On Fri, 2003-02-28 at 08:44, Alfonso wrote:
> Uh-oh. I'm looking at ELKS sources: IMHO it's a mess (big mess). I'm

No offence taken, its kind of wandered and never really had a chief
evil dictator to lord over it

> 1)  ELKS architecture should contain a "Plain" mode, which ignores 
> everything PC-related (and even any check for Sibo, PC, MCA, etc);

Mainstream linux nowdays (2.5.x) actually has mach-pc mach-pc9800
mach-voyager etc..

> 3)  I don't understand why the kernel stack has to be 64k-sized. Aren't 

The kernel stack is a lot smaller than that. We have one stack per
process however. Don't be fooled by the segment ranges, the kernel 
just has SS=DS for the same range.

> 4)  I don't understand why we should use only INT 0x80. Using 128 

Because Linux did, because Minix did. 

> 5)  (this one means "I may seem drunk"): did anyone ever thought that a 
> number of classic library functions could be included in the kernel? 
> ELKS kernel has already str[n]cpy, atoi, str[n]cat, str[n]cmp, etc in 
> its source: add also a decent [s]printf and you will save lots (?) of 
> bytes on every final executable. Yes, the main goal for every version 
> is "reduce code size", but... what about reducing codesize for a bunch 
> of executables? (will the dynamic-linking of C libraries save space 
> and speed and work more than this weird solution?)

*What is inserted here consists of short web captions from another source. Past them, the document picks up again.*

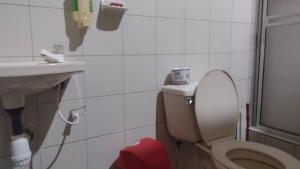 a small bathroom with a toilet and a sink at hotel valparaiso in Ipiales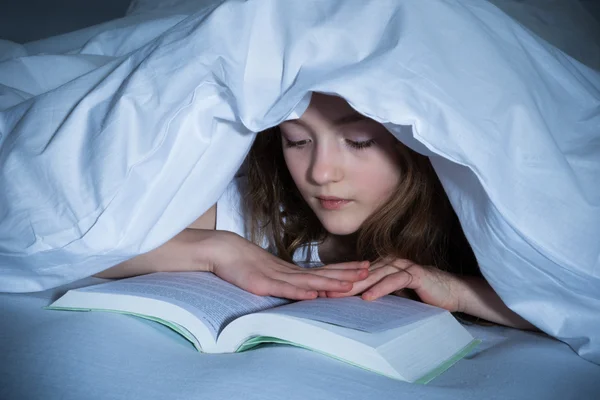 Ragazza lettura libro in camera da letto — Foto Stock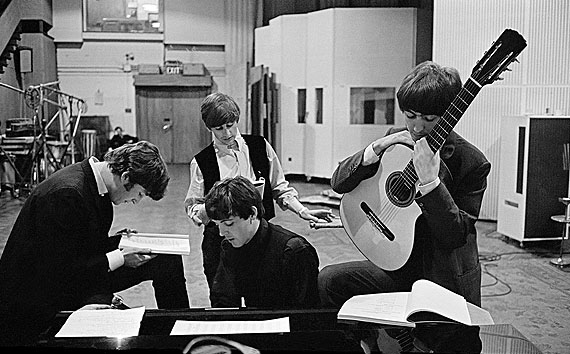 David Hurn - G.B. England. London. The Beatles in the Abbey Road Studios, where many of their most famous records were made, examining the script of the film 'A Hard Days Night'.© David Hurn/Magnum Photos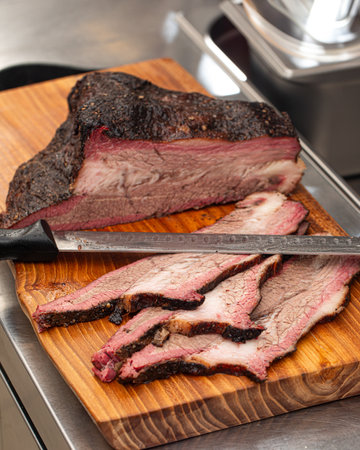 Sliced american beef brisket on a wooden boardの写真素材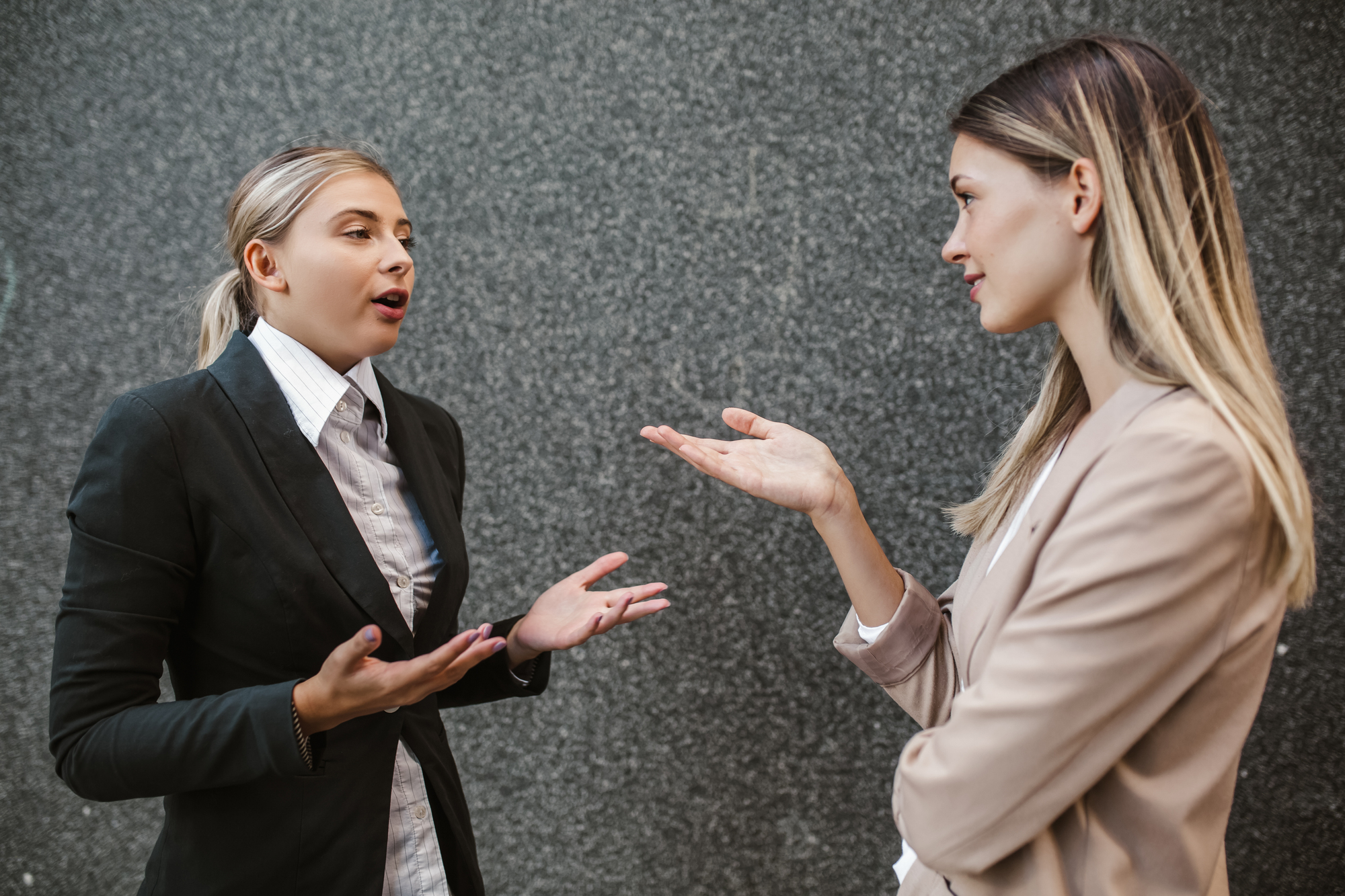 Two women in business attire are engaged in a conversation in front of a gray textured wall. One gestures with open hands, while the other listens attentively, hand raised. Both appear focused and professional.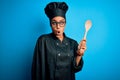 Young african american chef girl wearing cooker uniform and hat holding wooden spoon tool scared in shock with a surprise face,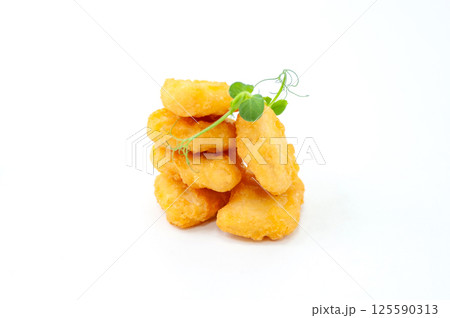 Crispy Chicken Nuggets with Fresh Microgreens 125590313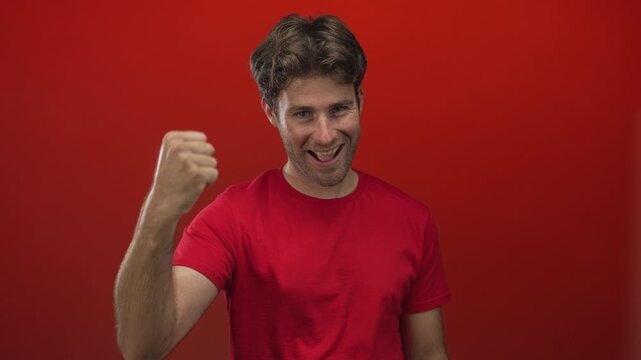 Young man in red t shirt smiling and raising clenched fist in studio with red backdrop; excitement confidence success.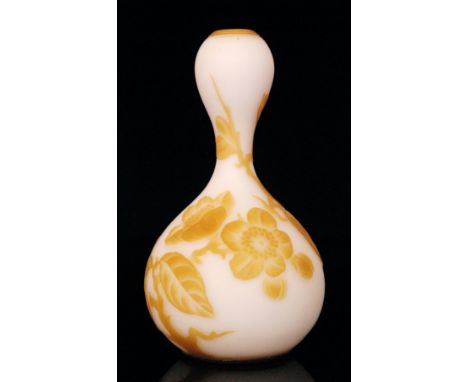 A late 19th Century Stevens & Williams cameo glass vase of double gourd form, triple cased in citron over opal with a pink in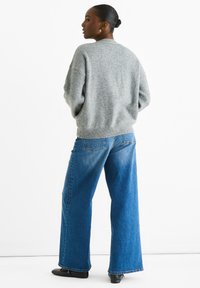 Gray knit sweater with a high neckline, loose fit, and ribbed hem paired with light blue wide-leg jeans and black shoes.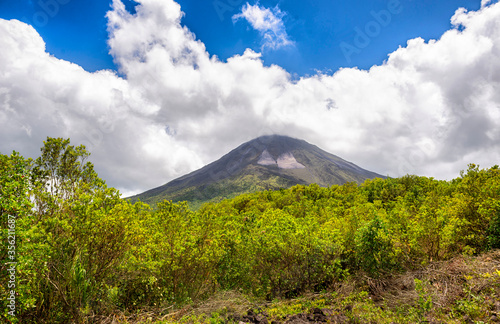 Amazing view of beautiful nature of Costa Rica with smoking volcano Arenal background. Panorama of volcano Arenal La Fortuna, Costa Rica. Central America.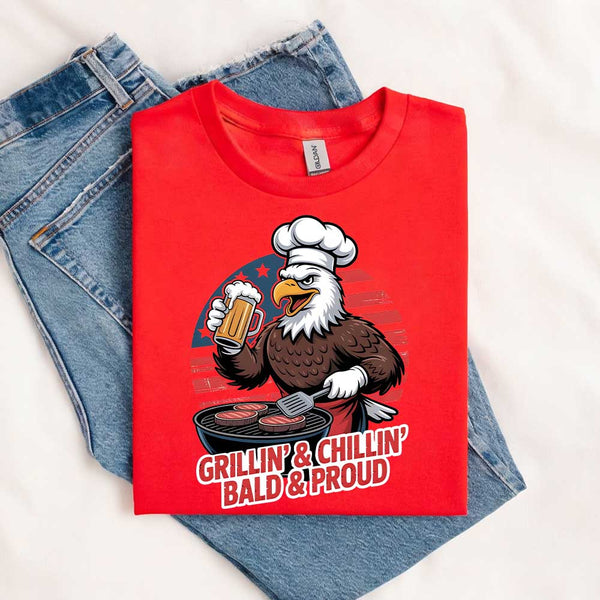 Red t-shirt with an eagle graphic and text 'Grillin' & Chillin' Bald & Proud' on a white background.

You'd need to deal with far data and swapping. It gets horrible.

> - you can stay in little (little, little, little) RAM;

Its not clear how much you win, plus systems like UZI and OMU aready 
exist in C and are tons smaller than Linux

The biggest thing Linux 8086 needs right now imho (other than someone to
act as a full time dedicated maintainer) is the block layer being ripped
out. Right now we run a full Linux block layer designed to handle tons
of clever stuff that simply isnt valid on a system without megabytes of
cache and fancy I/O cards. That block layer costs a ton of space.

Alan


  reply	other threads:[~2003-03-03  0:33 UTC|newest]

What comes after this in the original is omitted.